American activist and journalist

Molly Conger (born ) is an American activist and journalist based in Charlottesville, Virginia. After the Unite the Right rally in 2017, Conger stopped working in project management, and started researching the far-right. She documents Charlottesville news and briefly worked as a columnist at a local newspaper.

She identified Teddy Joseph Von Nukem as a perpetrator in an assault during the rally and was first to break news of his death in 2023.

As of 2026 she hosts the podcast Weird Little Guys.

== Career and activism ==
Conger is an antifascist researcher and activist. She started live-tweeting government meetings in Charlottesville in 2017, after the Unite the Right rally. She identified Teddy Joseph Von Nukem as a participant in an assault of a counter-protester at the rally. She was also the first person to break the news of Von Nukem's death on February 14, 2023.

In 2017, Conger was hired by a local weekly newspaper to write political columns, her contract was cancelled in February 2019, after writing only six columns. In 2017, Conger began researching the far-right and doxing notable members. She uses fake social media profiles to infiltrate online far-right communities. She is part of Deplatform Hate, a collective of online activists who disrupt the online activities of far-right groups.

In 2021, she identified a Prince William County, Virginia police officer and Proud Boys member whose social media accounts advocated for violence against Supreme Court Chief Justice John Roberts as Aaron Hoffman. Hoffman's employment was terminated, and he claimed his social media accounts were hacked. In 2021, she attended the January 6 United States Capitol attack to document the events.

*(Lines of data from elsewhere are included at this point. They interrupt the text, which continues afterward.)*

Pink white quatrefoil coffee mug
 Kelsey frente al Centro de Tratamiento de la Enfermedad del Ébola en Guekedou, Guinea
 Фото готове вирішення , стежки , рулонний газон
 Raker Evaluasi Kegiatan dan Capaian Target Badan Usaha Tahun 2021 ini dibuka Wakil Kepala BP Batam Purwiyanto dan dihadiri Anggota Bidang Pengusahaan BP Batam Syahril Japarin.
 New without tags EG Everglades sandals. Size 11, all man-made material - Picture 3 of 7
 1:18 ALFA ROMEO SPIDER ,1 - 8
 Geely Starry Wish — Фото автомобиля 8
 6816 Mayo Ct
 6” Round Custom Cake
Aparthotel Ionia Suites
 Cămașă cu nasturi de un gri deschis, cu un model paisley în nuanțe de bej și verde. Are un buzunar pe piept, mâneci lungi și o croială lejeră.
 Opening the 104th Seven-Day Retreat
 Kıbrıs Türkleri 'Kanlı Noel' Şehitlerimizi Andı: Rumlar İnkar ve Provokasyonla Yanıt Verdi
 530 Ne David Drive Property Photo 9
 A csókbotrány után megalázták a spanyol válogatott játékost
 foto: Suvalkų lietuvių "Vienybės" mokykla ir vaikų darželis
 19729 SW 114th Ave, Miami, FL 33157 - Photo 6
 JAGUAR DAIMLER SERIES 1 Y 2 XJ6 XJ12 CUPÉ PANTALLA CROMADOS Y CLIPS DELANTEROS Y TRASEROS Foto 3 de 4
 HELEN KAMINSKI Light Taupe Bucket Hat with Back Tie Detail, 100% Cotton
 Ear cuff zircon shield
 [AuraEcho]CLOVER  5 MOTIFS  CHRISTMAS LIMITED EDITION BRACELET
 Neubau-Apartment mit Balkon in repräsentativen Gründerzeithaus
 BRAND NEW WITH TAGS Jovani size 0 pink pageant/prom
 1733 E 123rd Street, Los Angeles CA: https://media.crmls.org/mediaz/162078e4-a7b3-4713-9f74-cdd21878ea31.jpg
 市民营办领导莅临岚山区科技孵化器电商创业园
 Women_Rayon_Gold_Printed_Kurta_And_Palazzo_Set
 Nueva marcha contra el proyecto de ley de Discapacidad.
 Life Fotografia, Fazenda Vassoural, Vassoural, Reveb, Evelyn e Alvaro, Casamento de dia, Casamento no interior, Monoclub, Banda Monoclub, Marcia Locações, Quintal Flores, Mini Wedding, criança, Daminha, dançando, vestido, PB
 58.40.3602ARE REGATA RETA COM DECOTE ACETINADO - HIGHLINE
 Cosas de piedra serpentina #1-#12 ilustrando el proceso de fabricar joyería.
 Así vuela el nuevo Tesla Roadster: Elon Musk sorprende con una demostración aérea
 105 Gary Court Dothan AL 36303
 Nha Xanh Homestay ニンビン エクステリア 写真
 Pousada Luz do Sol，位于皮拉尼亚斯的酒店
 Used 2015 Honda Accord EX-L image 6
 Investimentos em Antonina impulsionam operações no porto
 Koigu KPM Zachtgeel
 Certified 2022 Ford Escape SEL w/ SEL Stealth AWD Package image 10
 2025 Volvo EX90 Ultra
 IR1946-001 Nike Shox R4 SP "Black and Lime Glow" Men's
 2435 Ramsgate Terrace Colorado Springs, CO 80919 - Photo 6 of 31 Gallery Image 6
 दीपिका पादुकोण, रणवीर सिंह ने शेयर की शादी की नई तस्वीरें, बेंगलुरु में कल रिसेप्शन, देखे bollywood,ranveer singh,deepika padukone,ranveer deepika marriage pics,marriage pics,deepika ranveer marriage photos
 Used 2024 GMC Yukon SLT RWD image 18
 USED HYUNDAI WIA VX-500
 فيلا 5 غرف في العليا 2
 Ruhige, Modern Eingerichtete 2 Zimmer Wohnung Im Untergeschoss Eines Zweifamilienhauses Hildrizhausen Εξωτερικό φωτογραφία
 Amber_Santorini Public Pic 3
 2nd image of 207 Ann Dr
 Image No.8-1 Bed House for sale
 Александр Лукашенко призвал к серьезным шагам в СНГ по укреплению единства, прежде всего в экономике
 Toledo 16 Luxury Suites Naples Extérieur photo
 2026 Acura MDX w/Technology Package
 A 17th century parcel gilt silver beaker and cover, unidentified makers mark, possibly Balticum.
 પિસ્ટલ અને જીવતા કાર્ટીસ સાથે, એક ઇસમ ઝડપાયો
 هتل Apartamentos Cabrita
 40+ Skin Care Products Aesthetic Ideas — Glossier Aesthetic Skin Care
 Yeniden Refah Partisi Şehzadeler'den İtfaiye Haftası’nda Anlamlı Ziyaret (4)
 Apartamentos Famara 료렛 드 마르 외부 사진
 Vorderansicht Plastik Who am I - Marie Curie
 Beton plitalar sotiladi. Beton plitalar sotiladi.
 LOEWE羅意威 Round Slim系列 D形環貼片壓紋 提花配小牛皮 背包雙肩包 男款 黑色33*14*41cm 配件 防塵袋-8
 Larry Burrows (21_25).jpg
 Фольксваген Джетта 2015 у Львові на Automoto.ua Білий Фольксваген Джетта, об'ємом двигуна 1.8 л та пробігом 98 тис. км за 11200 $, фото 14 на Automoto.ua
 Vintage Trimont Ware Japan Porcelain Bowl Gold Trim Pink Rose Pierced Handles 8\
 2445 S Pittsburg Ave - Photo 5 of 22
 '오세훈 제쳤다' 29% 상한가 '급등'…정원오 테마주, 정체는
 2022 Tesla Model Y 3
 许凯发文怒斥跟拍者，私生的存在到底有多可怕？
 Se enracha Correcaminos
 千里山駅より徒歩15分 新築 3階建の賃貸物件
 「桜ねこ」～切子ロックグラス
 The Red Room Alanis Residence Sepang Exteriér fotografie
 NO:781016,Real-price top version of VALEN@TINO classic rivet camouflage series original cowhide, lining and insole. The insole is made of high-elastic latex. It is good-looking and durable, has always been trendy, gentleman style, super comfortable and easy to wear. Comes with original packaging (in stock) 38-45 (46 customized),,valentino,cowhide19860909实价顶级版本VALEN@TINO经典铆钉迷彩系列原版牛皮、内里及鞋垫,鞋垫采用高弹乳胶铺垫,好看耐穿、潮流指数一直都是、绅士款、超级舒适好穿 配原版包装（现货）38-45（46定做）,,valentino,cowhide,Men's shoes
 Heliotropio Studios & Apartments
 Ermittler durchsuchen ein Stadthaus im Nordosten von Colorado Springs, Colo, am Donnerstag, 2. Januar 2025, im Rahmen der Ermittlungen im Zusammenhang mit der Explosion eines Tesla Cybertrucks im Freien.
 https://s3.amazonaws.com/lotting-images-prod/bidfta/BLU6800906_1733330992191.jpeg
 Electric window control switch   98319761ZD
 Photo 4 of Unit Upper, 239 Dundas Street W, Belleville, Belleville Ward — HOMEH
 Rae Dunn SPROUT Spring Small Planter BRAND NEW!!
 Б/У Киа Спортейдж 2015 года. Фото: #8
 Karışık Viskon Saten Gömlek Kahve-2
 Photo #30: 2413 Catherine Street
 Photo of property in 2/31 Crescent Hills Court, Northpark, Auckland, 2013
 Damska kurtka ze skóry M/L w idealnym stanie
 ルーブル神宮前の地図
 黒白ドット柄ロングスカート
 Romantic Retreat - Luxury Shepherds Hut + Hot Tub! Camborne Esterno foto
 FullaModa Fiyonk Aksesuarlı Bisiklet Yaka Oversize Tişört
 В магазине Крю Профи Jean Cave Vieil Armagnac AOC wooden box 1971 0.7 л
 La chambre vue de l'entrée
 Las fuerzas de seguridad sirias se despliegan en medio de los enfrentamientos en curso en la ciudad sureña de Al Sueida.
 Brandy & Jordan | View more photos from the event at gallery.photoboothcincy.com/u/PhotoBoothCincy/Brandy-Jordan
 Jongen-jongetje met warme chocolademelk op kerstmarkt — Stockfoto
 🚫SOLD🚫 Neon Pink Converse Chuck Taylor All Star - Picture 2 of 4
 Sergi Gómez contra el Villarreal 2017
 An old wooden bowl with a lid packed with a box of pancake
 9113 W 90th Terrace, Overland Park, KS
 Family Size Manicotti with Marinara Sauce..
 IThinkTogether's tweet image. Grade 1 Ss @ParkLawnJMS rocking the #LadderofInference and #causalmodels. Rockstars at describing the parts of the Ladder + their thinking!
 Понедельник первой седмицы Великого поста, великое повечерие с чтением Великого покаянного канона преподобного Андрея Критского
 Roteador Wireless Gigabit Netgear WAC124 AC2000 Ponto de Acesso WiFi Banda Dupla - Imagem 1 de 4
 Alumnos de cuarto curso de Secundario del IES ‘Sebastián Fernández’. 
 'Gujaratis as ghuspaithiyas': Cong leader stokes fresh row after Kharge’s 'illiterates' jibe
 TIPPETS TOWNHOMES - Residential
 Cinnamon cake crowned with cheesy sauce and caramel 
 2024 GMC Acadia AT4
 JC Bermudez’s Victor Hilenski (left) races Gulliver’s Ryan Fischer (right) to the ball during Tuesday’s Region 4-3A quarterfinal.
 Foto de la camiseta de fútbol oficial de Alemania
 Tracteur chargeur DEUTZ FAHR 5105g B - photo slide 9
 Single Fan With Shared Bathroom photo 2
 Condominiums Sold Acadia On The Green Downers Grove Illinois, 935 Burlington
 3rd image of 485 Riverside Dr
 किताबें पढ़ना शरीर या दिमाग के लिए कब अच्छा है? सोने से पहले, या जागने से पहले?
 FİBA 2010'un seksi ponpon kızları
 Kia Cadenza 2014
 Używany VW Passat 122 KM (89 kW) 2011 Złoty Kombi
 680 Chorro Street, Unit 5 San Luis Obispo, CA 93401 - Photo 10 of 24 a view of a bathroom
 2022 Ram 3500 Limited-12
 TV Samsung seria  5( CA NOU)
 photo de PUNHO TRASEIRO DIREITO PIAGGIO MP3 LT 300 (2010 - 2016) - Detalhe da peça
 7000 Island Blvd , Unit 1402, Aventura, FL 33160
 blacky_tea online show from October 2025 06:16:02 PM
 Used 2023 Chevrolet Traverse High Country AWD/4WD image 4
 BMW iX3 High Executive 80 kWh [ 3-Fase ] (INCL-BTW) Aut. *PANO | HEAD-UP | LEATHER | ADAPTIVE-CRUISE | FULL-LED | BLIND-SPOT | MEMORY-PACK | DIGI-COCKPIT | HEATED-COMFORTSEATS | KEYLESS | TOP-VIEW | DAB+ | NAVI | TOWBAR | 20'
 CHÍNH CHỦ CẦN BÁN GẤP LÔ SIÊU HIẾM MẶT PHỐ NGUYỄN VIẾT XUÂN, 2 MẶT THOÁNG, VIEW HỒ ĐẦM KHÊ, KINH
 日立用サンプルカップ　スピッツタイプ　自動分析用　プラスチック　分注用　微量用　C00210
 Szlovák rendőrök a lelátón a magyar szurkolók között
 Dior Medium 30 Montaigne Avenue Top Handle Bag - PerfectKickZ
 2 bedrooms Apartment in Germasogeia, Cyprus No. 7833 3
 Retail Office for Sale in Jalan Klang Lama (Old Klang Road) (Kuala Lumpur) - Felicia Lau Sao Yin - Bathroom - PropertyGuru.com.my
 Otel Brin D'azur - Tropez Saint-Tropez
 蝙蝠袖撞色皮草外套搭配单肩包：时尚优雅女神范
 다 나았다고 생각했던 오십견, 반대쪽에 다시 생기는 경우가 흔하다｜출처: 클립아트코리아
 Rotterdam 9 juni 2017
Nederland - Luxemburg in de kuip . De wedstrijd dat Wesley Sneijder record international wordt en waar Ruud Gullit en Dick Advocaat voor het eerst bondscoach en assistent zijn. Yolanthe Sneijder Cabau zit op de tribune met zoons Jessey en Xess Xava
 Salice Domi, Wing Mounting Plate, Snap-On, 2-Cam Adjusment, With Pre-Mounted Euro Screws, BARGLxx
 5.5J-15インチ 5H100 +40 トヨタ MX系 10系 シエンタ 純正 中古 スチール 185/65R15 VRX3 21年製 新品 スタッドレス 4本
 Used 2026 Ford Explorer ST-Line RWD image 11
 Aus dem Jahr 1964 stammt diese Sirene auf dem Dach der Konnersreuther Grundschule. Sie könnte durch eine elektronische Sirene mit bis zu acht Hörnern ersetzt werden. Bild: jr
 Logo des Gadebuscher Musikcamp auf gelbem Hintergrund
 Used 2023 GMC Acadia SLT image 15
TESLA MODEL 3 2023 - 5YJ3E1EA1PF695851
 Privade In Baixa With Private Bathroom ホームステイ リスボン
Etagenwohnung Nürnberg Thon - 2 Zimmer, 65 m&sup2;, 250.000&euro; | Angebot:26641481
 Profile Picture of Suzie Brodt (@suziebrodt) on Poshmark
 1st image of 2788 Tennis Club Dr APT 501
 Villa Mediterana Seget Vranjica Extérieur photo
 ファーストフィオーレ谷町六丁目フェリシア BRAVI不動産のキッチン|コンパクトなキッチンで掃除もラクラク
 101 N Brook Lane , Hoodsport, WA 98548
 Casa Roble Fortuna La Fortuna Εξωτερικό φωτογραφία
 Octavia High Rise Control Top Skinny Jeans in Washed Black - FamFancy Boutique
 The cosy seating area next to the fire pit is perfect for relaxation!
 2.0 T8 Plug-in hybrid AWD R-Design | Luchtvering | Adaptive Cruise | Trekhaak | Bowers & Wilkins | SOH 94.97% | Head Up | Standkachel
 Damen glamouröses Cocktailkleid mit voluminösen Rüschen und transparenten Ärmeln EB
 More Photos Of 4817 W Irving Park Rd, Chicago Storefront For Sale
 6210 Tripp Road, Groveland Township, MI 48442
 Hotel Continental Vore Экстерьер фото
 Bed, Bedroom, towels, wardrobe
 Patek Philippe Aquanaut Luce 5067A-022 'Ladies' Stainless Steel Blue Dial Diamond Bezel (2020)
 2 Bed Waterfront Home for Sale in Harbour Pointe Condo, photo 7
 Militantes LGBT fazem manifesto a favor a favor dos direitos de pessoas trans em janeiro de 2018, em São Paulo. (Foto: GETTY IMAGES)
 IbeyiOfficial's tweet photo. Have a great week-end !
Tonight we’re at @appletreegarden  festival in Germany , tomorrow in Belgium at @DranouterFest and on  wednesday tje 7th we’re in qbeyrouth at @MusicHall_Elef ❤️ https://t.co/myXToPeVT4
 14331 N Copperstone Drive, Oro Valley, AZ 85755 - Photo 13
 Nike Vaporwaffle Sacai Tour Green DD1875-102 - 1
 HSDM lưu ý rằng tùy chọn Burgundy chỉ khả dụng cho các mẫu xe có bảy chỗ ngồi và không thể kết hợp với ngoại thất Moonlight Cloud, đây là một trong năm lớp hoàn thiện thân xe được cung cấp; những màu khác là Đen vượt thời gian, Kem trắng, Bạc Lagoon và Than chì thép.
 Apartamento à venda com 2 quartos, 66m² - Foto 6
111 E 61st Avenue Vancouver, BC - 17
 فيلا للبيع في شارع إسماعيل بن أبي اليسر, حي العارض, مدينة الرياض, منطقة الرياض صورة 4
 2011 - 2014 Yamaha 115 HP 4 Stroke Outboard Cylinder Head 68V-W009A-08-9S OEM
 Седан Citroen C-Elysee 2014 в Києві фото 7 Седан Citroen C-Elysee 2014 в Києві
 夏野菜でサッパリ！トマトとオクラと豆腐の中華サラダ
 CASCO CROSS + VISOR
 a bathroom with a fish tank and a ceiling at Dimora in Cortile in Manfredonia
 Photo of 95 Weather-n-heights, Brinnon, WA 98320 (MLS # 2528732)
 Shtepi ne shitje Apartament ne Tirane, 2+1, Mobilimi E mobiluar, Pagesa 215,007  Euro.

Prior to her activism, Conger worked as a project manager at an educational software company. Conger's work is funded by donations.

As of 2026 Conger is the host of the podcast Weird Little Guys under the podcast network Cool Zone Media. The podcast covers Conger's research of White Supremacist groups and individuals with focus on their crimes and court proceedings. She is also a frequent guest on the podcast series It Could Happen Here.